WHAT YOU ARE ASKED TO DO
Each line below from the "Rate of Methane Consumption by Microbes" line through the "Manejo de enfermedades en maíz tardío" line, those two included, must be restated word for word; the pictures must not be.

TASK MATERIAL
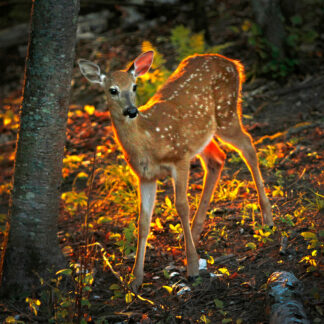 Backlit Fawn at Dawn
==
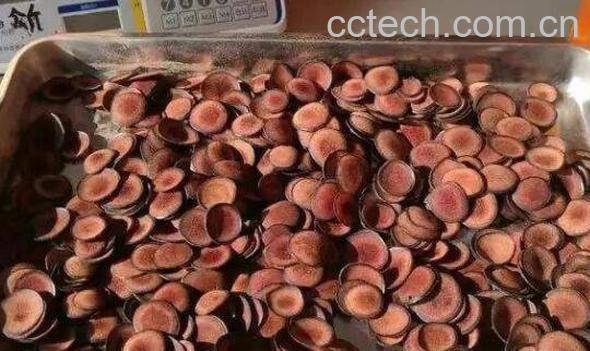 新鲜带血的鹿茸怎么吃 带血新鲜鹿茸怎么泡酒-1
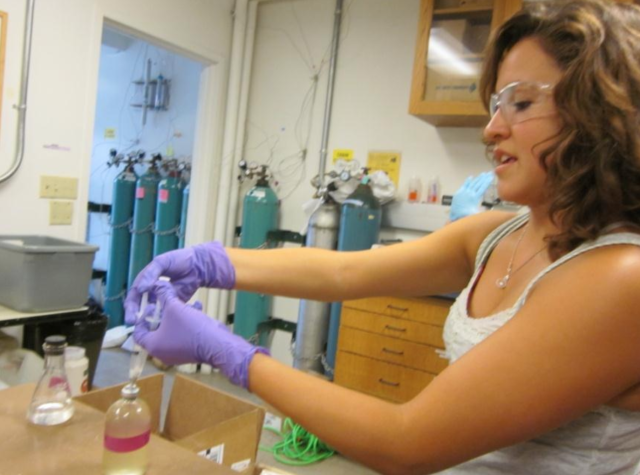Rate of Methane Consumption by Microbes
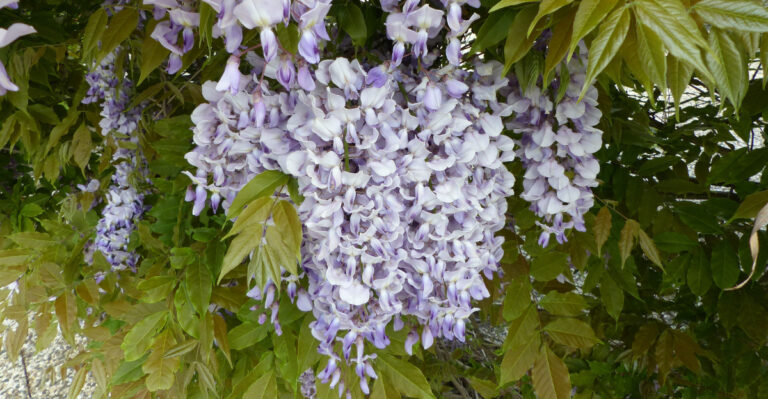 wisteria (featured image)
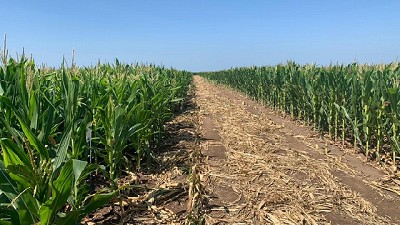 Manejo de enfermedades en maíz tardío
...
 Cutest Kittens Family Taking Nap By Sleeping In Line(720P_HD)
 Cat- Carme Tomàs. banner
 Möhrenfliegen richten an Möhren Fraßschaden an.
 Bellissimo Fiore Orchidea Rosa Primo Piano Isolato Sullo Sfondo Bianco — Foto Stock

RESPONSE AREA
Rate of Methane Consumption by Microbes
 wisteria (featured image)
 Manejo de enfermedades en maíz tardío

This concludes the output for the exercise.